However, the chorus frogs loved the massive rains. They showed up again in late February, croaked louder than a garage rock band, and mated their way into parenting perhaps 1400 tadpoles.
Over 1200 tadpoles hatched in the lower pond, and over 200 hatched in the new upper pond.
The chorus frogs’ return was so widespread that they even successfully mated in my other two ponds (the predators’ ponds) well away from the Frog Mitigation area. Hungry gold fish and bullfrogs had eaten all the chorus frogs in those ponds years ago, but the frogs rallied and came back this spring. I moved their egg sacs to the newer, upper, fish-free pond in the Frog Mitigation Area.
The chorus frogs in my yard have apparently drastically adapted to the local climate. They mated and fertilized eggs even when air temperatures fell below freezing, although the water did not freeze.
I perused the ponds every morning and saw fresh egg sacs even after evenings when the air temperature plummeted below 32 F. Chorus frog scientific literature claimed that frog won’t breed in temperatures below 54 degrees. The studies do acknowledge that local populations dramatically alter their behavior to adjust to local conditions.
Adding a new pond and expanding the creek almost doubled the aquatic habitat in the Frog Mitigation Area, and the frogs took advantage.
The frogs committed amplexus ( the scientific term for frogs mating) all night long in the new Upper Pond. The male frog clasps the female from behind, and sprays sperm on her eggs as she emits a jelly-like egg sac. she attaches the sac to underwater plants. Afterwards they share a smoke, and go their separate ways.
The hundreds of additional tadpoles that hatched in the new pond are a pure bonus. However the frogs still mated in the the older pond more frequently. The new pond yielded about 20 tadpole per square foot of water surface, while the older pond produced about 40.

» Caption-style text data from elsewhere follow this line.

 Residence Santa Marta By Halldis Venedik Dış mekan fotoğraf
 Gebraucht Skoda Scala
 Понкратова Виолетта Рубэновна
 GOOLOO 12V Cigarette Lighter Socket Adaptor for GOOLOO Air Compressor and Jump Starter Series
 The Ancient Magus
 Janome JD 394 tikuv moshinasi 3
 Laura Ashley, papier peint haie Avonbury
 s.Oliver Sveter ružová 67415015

The last week of June, the tadpoles in the upper pond abruptly began morphing. I netted a tadpole sampling from both ponds; about 10 of 15 in the upper pond already had hind legs, while only 2 of 15 in the older lower pond had legs.
Dozens of tadpoles morphed rapidly into frogs over the 4th of July weekend in the new upper pond. In the old pond, not so much.

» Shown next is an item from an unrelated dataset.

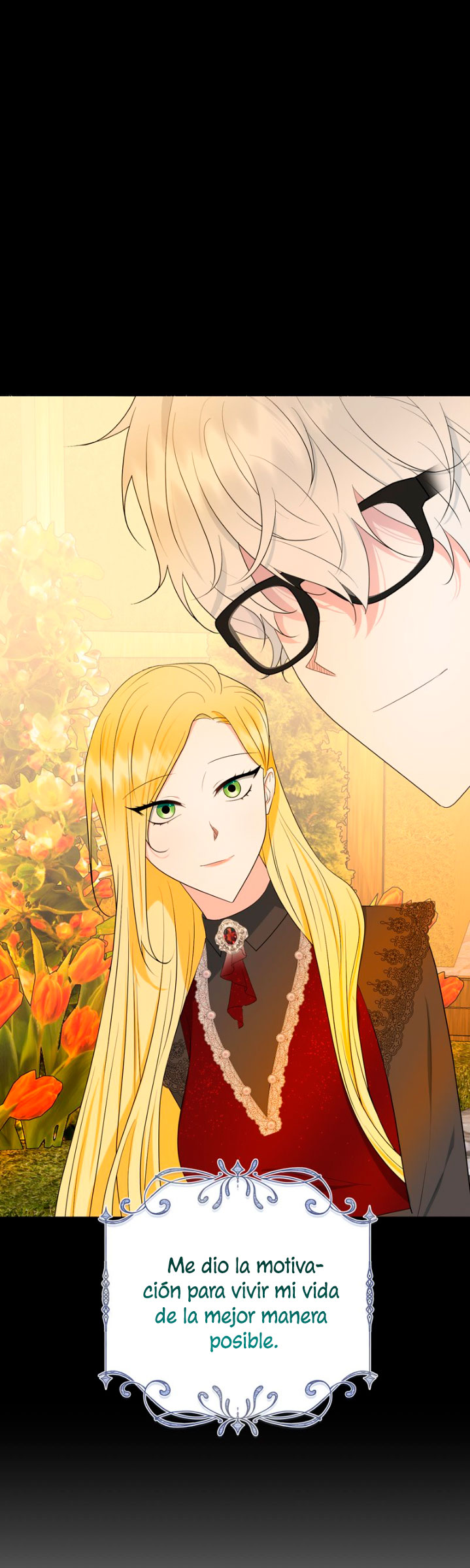 Mi marido angelical es en realidad un demonio disfrazado Capítulo 6 - Página 9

I enjoyed seeing the frogs colonize the newer pond. However I did not also witness morphing activity in the lower pond, where there were six times as many tadpoles at one point, and the eggs were originally fertilized at the same time in both ponds. The lower pond tadpoles morphed late last year also.
I sampled again on 7/25. There were many more frogs in the lower pond than usual; I caught 30 in the netted sample, the usual number would be less than 5. Only one had legs. I found only 3 frogs in the newer pond. All the rest may have already morphed into frogs.
Why did some this year’s upper pond tadpoles morph much more quickly? Why are the lower pond’s tadpoles lollygagging around instead of morphing, when they hatched 13 weeks ago? Froggie literature says tadpoles can turn into frogs in just 4 weeks.
I was standing in my front yard, still wondering what to replant around the frog ponds, when a fellow in a jumpsuit walked up to me.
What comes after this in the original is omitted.